Problem -
Each entry needs to be duplicated exactly.

Input for this task -

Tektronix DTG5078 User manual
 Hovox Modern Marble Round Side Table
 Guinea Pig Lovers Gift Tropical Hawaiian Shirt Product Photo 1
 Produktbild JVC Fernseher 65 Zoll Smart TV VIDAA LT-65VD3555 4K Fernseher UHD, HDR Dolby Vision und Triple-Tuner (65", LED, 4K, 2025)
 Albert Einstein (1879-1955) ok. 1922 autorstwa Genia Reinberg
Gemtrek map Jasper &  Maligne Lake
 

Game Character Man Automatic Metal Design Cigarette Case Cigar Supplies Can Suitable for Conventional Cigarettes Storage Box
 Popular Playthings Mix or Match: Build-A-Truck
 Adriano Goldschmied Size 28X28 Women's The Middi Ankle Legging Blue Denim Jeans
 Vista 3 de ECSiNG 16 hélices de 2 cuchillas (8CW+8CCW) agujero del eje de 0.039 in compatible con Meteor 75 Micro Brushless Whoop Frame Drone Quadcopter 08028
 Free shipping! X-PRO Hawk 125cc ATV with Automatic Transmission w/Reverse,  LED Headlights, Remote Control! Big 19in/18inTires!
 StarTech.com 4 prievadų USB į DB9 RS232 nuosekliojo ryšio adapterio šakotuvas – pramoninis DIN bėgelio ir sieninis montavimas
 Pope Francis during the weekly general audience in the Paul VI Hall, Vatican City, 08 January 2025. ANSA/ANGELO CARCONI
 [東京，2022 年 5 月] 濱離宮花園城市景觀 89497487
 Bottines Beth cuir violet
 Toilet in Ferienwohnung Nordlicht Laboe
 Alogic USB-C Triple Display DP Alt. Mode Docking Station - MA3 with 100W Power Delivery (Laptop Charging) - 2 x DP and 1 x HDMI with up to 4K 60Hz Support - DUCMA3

Response to the exercise -
Tektronix DTG5078 User manual
 Hovox Modern Marble Round Side Table
 Guinea Pig Lovers Gift Tropical Hawaiian Shirt Product Photo 1
 Produktbild JVC Fernseher 65 Zoll Smart TV VIDAA LT-65VD3555 4K Fernseher UHD, HDR Dolby Vision und Triple-Tuner (65", LED, 4K, 2025)
 Albert Einstein (1879-1955) ok. 1922 autorstwa Genia Reinberg
Gemtrek map Jasper &  Maligne Lake
 

Game Character Man Automatic Metal Design Cigarette Case Cigar Supplies Can Suitable for Conventional Cigarettes Storage Box
 Popular Playthings Mix or Match: Build-A-Truck
 Adriano Goldschmied Size 28X28 Women's The Middi Ankle Legging Blue Denim Jeans
 Vista 3 de ECSiNG 16 hélices de 2 cuchillas (8CW+8CCW) agujero del eje de 0.039 in compatible con Meteor 75 Micro Brushless Whoop Frame Drone Quadcopter 08028
 Free shipping! X-PRO Hawk 125cc ATV with Automatic Transmission w/Reverse,  LED Headlights, Remote Control! Big 19in/18inTires!
 StarTech.com 4 prievadų USB į DB9 RS232 nuosekliojo ryšio adapterio šakotuvas – pramoninis DIN bėgelio ir sieninis montavimas
 Pope Francis during the weekly general audience in the Paul VI Hall, Vatican City, 08 January 2025. ANSA/ANGELO CARCONI
 [東京，2022 年 5 月] 濱離宮花園城市景觀 89497487
 Bottines Beth cuir violet
 Toilet in Ferienwohnung Nordlicht Laboe
 Alogic USB-C Triple Display DP Alt. Mode Docking Station - MA3 with 100W Power Delivery (Laptop Charging) - 2 x DP and 1 x HDMI with up to 4K 60Hz Support - DUCMA3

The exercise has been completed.